What needs to be done: Reply with the data below, repeated exactly in full.

[Start of Attachment]

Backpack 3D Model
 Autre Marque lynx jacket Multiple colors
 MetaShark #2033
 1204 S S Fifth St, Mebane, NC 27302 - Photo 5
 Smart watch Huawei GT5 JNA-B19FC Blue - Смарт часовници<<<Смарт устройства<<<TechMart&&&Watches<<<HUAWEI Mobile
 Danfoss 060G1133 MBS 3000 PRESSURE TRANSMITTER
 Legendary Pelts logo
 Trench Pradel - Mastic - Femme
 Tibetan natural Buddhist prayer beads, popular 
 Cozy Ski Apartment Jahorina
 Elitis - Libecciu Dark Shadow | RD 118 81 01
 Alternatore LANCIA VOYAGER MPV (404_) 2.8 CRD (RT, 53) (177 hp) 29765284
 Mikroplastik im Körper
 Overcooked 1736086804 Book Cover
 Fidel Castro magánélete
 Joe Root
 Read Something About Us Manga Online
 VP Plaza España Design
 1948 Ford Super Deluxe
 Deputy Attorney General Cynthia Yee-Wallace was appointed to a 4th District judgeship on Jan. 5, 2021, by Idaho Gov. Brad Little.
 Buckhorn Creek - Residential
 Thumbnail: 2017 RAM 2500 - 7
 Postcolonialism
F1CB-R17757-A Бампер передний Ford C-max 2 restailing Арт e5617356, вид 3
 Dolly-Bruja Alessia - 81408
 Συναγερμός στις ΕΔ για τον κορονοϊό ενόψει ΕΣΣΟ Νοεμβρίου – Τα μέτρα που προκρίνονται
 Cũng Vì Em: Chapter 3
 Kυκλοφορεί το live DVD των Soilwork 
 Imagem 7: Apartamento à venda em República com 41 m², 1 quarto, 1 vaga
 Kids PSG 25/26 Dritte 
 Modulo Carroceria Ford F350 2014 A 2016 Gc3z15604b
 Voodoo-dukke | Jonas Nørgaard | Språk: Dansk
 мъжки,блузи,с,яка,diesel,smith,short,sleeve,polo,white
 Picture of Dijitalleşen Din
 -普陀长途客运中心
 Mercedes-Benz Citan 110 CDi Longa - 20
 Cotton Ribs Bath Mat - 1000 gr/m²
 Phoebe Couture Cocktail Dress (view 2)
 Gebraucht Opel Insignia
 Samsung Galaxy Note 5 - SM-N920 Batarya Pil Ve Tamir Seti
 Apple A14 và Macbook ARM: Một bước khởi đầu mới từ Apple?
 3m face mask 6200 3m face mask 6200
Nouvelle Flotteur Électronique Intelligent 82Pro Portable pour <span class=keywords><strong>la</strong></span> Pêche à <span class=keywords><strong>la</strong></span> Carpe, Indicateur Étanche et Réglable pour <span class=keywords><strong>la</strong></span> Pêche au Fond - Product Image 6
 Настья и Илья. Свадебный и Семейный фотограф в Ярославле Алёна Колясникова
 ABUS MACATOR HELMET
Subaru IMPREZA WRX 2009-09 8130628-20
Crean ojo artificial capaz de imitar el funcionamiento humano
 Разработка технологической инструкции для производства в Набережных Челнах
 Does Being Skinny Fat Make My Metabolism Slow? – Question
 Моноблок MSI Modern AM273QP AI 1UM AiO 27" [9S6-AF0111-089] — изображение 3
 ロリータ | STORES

[End of Attachment]

Task answer:
Backpack 3D Model
 Autre Marque lynx jacket Multiple colors
 MetaShark #2033
 1204 S S Fifth St, Mebane, NC 27302 - Photo 5
 Smart watch Huawei GT5 JNA-B19FC Blue - Смарт часовници<<<Смарт устройства<<<TechMart&&&Watches<<<HUAWEI Mobile
 Danfoss 060G1133 MBS 3000 PRESSURE TRANSMITTER
 Legendary Pelts logo
 Trench Pradel - Mastic - Femme
 Tibetan natural Buddhist prayer beads, popular 
 Cozy Ski Apartment Jahorina
 Elitis - Libecciu Dark Shadow | RD 118 81 01
 Alternatore LANCIA VOYAGER MPV (404_) 2.8 CRD (RT, 53) (177 hp) 29765284
 Mikroplastik im Körper
 Overcooked 1736086804 Book Cover
 Fidel Castro magánélete
 Joe Root
 Read Something About Us Manga Online
 VP Plaza España Design
 1948 Ford Super Deluxe
 Deputy Attorney General Cynthia Yee-Wallace was appointed to a 4th District judgeship on Jan. 5, 2021, by Idaho Gov. Brad Little.
 Buckhorn Creek - Residential
 Thumbnail: 2017 RAM 2500 - 7
 Postcolonialism
F1CB-R17757-A Бампер передний Ford C-max 2 restailing Арт e5617356, вид 3
 Dolly-Bruja Alessia - 81408
 Συναγερμός στις ΕΔ για τον κορονοϊό ενόψει ΕΣΣΟ Νοεμβρίου – Τα μέτρα που προκρίνονται
 Cũng Vì Em: Chapter 3
 Kυκλοφορεί το live DVD των Soilwork 
 Imagem 7: Apartamento à venda em República com 41 m², 1 quarto, 1 vaga
 Kids PSG 25/26 Dritte 
 Modulo Carroceria Ford F350 2014 A 2016 Gc3z15604b
 Voodoo-dukke | Jonas Nørgaard | Språk: Dansk
 мъжки,блузи,с,яка,diesel,smith,short,sleeve,polo,white
 Picture of Dijitalleşen Din
 -普陀长途客运中心
 Mercedes-Benz Citan 110 CDi Longa - 20
 Cotton Ribs Bath Mat - 1000 gr/m²
 Phoebe Couture Cocktail Dress (view 2)
 Gebraucht Opel Insignia
 Samsung Galaxy Note 5 - SM-N920 Batarya Pil Ve Tamir Seti
 Apple A14 và Macbook ARM: Một bước khởi đầu mới từ Apple?
 3m face mask 6200 3m face mask 6200
Nouvelle Flotteur Électronique Intelligent 82Pro Portable pour <span class=keywords><strong>la</strong></span> Pêche à <span class=keywords><strong>la</strong></span> Carpe, Indicateur Étanche et Réglable pour <span class=keywords><strong>la</strong></span> Pêche au Fond - Product Image 6
 Настья и Илья. Свадебный и Семейный фотограф в Ярославле Алёна Колясникова
 ABUS MACATOR HELMET
Subaru IMPREZA WRX 2009-09 8130628-20
Crean ojo artificial capaz de imitar el funcionamiento humano
 Разработка технологической инструкции для производства в Набережных Челнах
 Does Being Skinny Fat Make My Metabolism Slow? – Question
 Моноблок MSI Modern AM273QP AI 1UM AiO 27" [9S6-AF0111-089] — изображение 3
 ロリータ | STORES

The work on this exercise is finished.